** YOUR TASK **
Repeat exactly the lines of the material below that run from the "Figure 7: Confocal" line to the "Стадия восьми бластомеров. Ув. 10 х 40." line, including both, and do not carry over any pictures.

** DATA IN THIS EXERCISE **
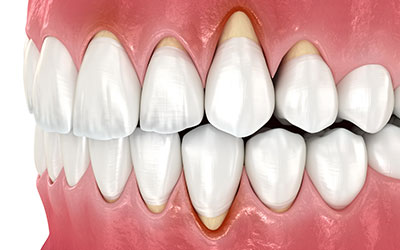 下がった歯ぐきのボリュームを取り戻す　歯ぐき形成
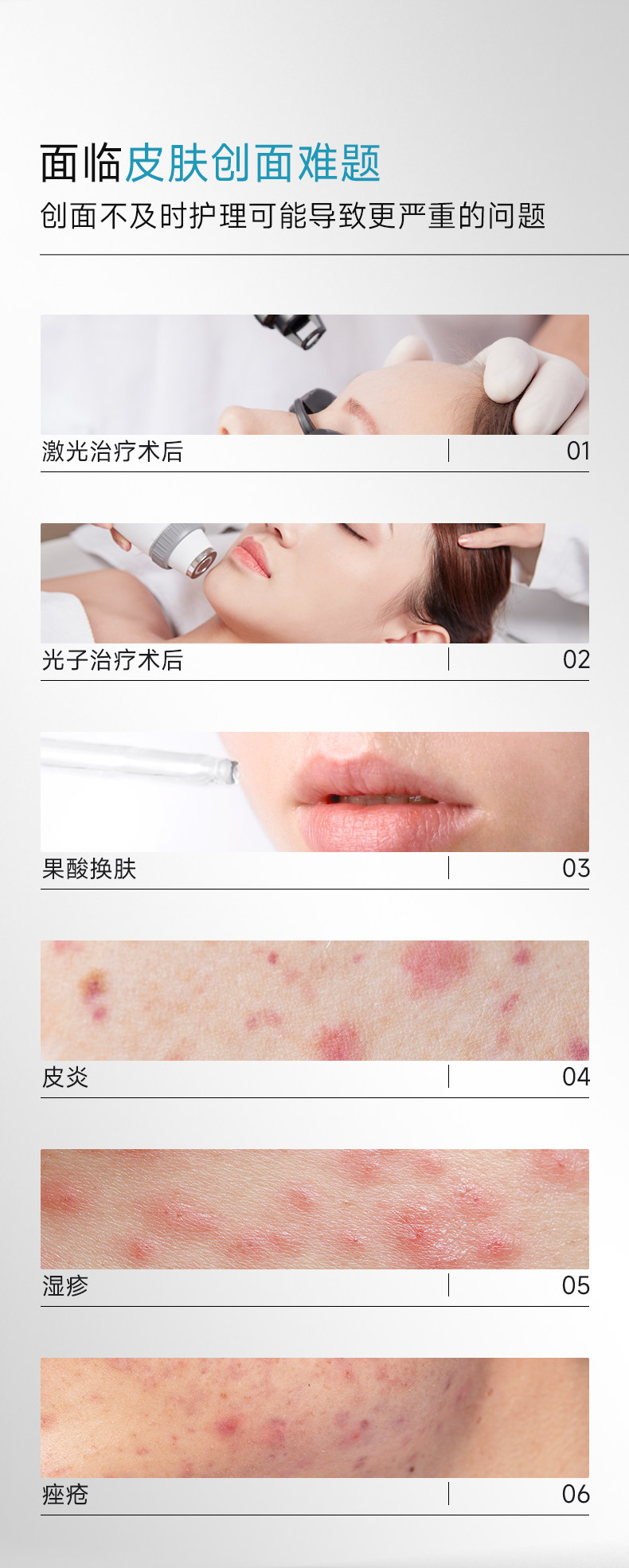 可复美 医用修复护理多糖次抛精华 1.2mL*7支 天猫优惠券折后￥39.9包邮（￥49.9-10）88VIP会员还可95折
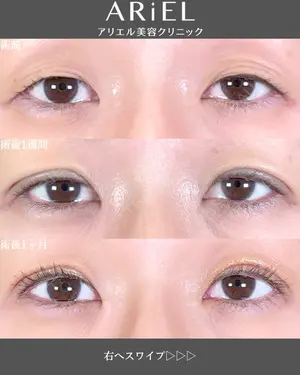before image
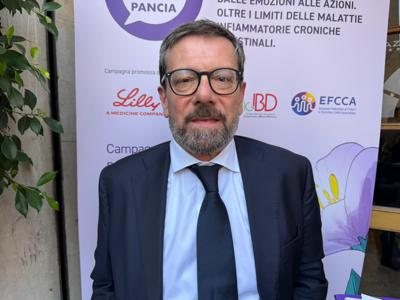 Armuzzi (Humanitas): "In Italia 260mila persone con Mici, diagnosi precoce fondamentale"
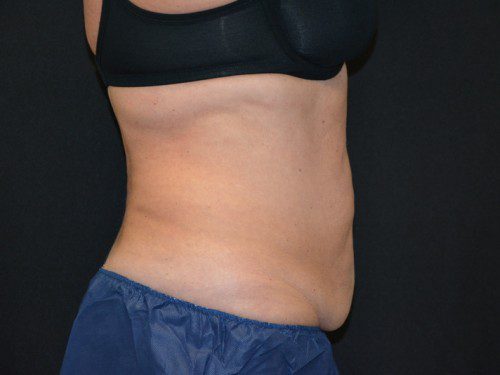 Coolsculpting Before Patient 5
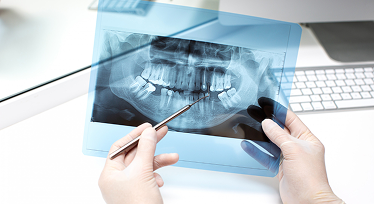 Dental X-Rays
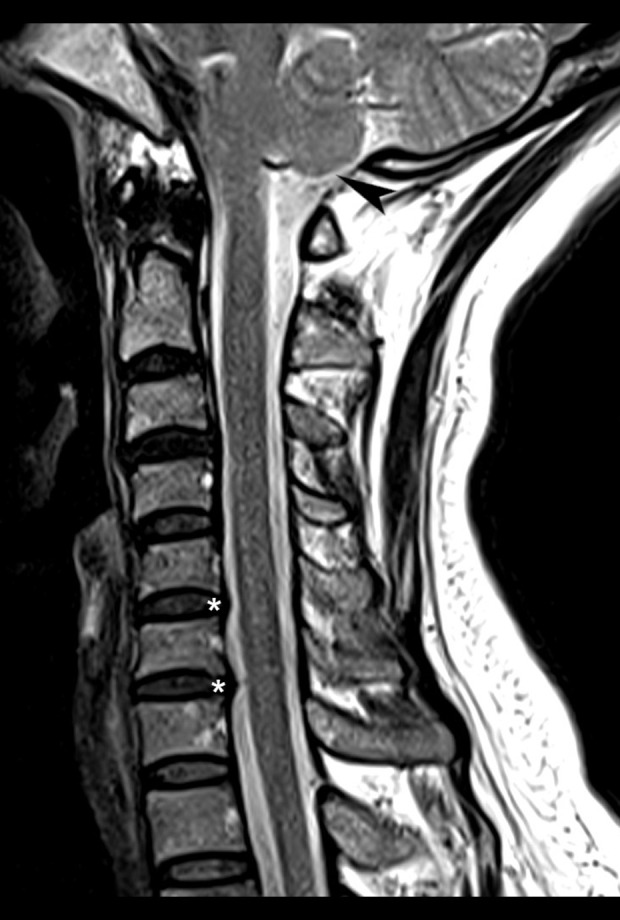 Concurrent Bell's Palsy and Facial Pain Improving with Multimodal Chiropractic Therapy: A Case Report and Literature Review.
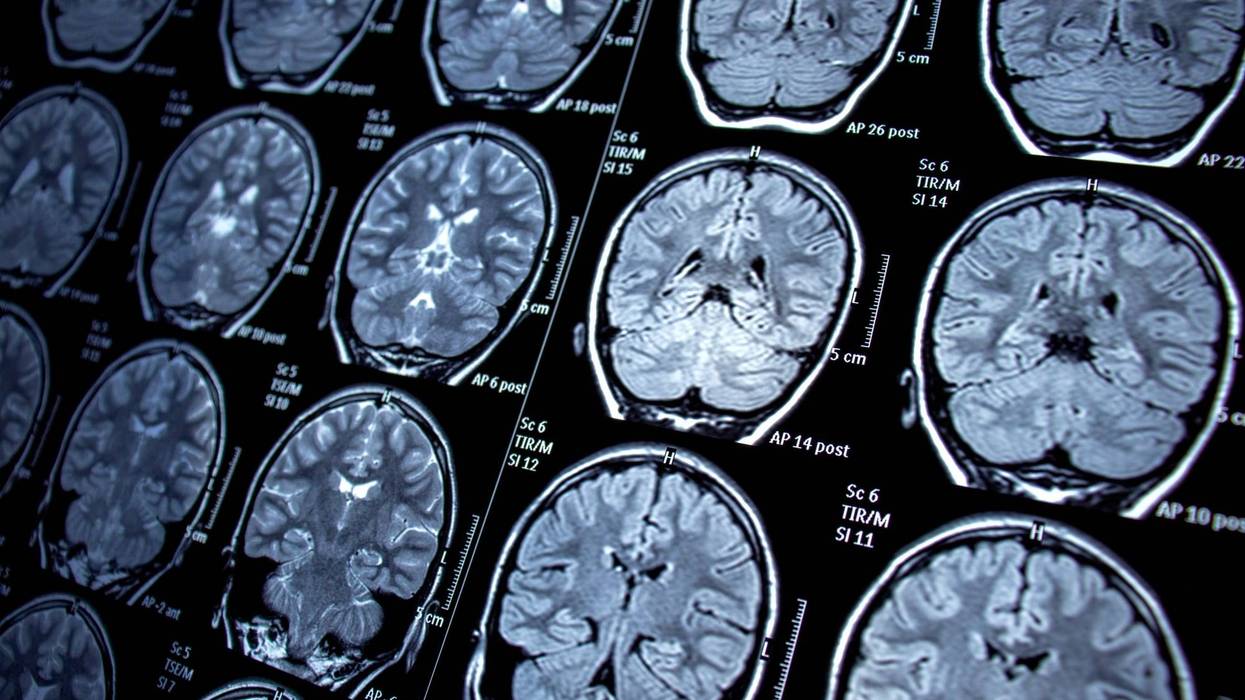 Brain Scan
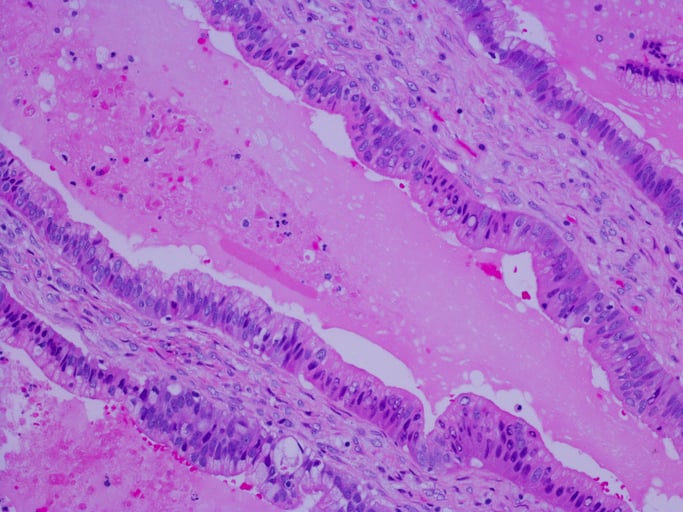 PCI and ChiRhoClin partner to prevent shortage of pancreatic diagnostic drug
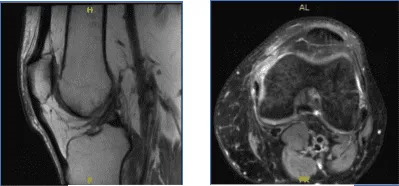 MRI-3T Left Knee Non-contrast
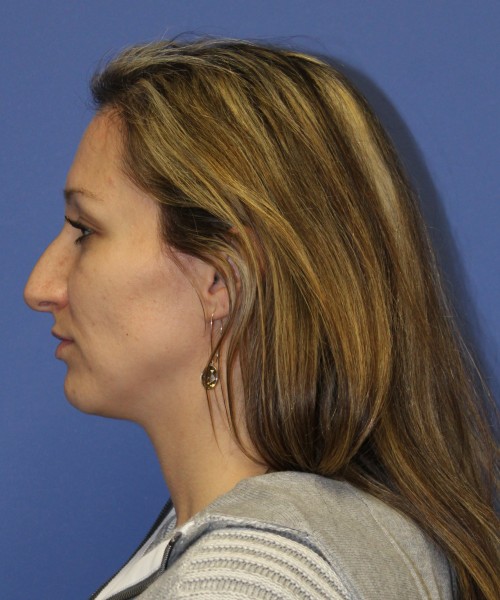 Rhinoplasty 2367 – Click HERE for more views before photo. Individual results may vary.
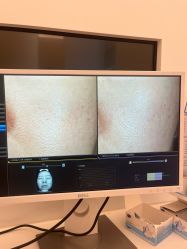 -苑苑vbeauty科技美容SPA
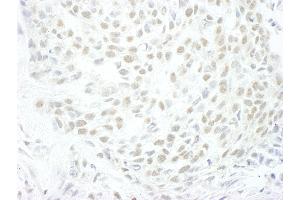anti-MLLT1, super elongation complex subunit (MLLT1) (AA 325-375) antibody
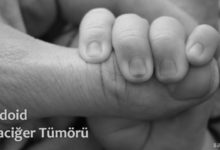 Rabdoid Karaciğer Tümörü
--
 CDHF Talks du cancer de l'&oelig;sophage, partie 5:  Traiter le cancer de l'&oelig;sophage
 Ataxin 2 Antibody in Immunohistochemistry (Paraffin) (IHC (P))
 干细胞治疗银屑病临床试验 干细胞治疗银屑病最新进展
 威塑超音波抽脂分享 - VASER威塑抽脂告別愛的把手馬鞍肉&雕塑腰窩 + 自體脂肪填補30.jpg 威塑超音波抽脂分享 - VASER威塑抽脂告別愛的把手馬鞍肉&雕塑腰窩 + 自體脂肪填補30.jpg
--
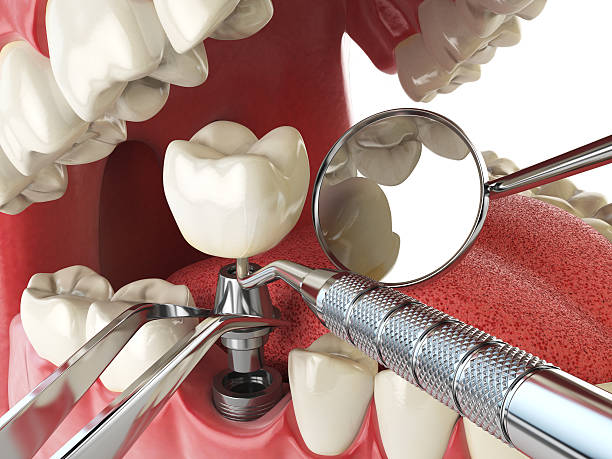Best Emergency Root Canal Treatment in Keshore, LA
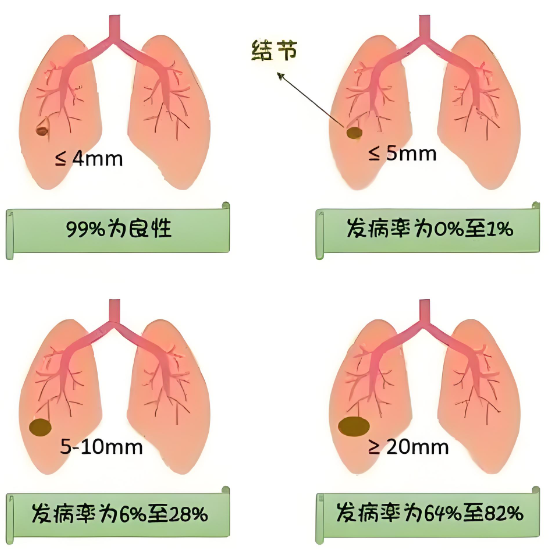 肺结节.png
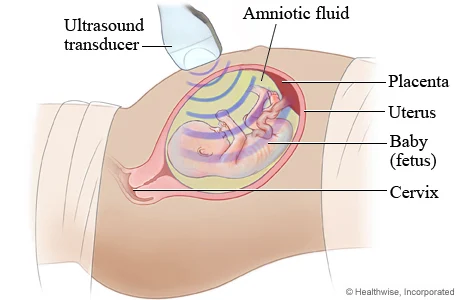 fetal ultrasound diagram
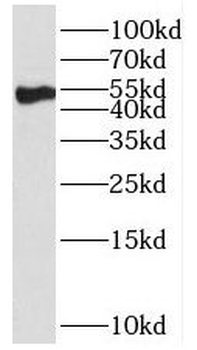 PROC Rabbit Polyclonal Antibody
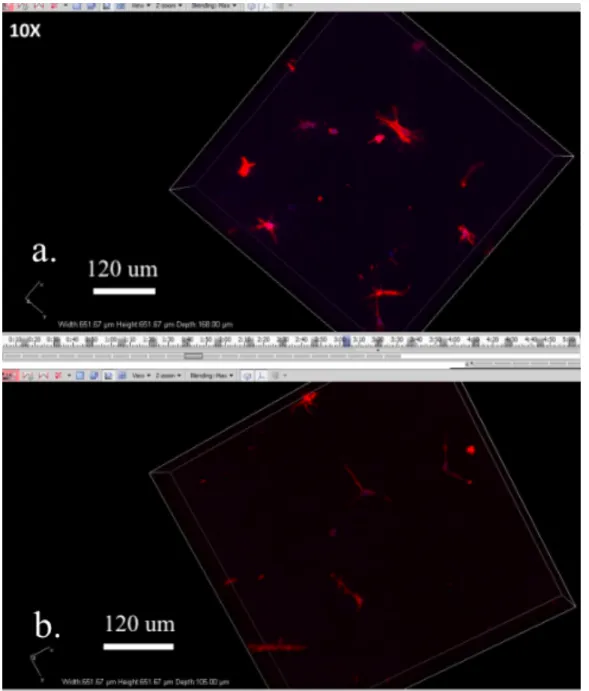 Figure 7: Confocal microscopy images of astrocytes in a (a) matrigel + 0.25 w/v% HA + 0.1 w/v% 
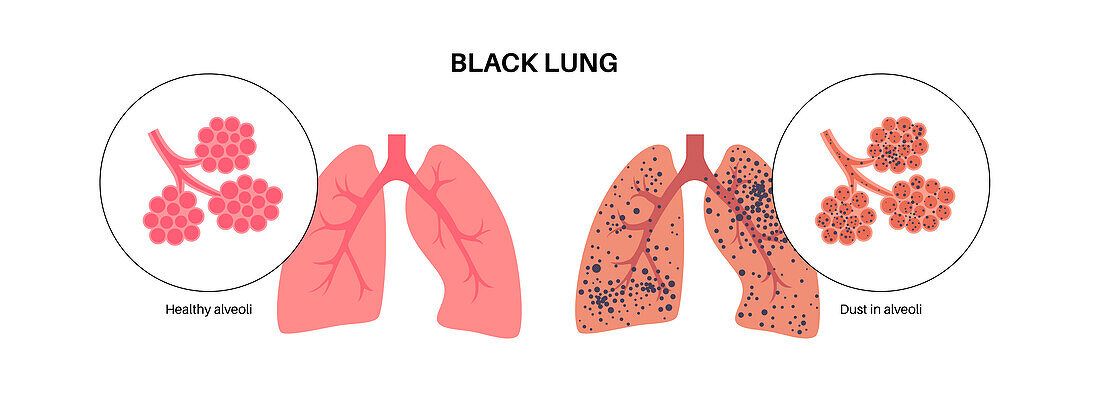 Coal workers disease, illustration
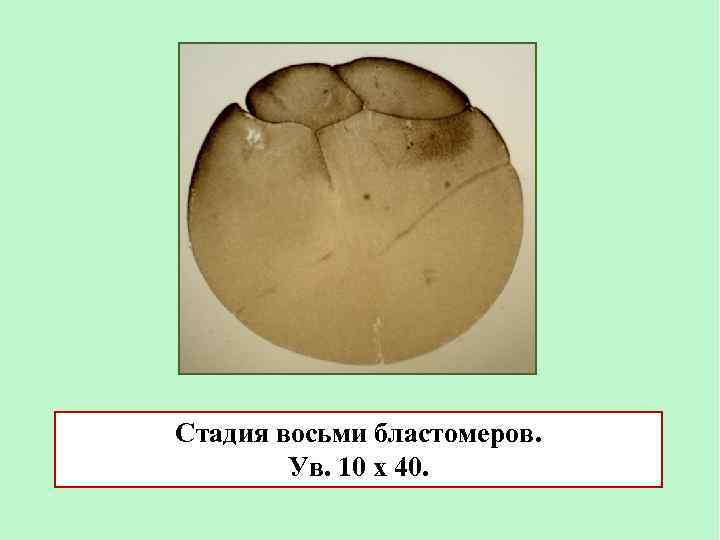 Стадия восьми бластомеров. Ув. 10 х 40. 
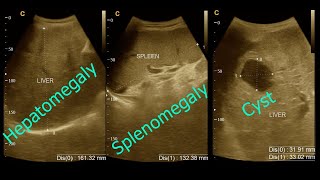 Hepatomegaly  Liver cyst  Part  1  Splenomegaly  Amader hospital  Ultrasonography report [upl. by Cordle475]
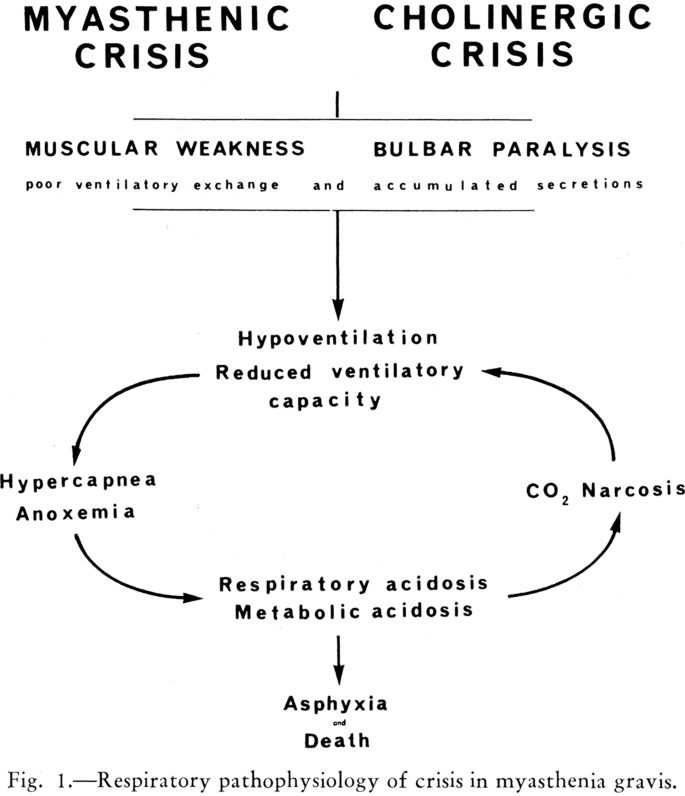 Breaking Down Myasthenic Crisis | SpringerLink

** ANSWER SPACE **
 Figure 7: Confocal microscopy images of astrocytes in a (a) matrigel + 0.25 w/v% HA + 0.1 w/v% 
 Coal workers disease, illustration
 Стадия восьми бластомеров. Ув. 10 х 40. 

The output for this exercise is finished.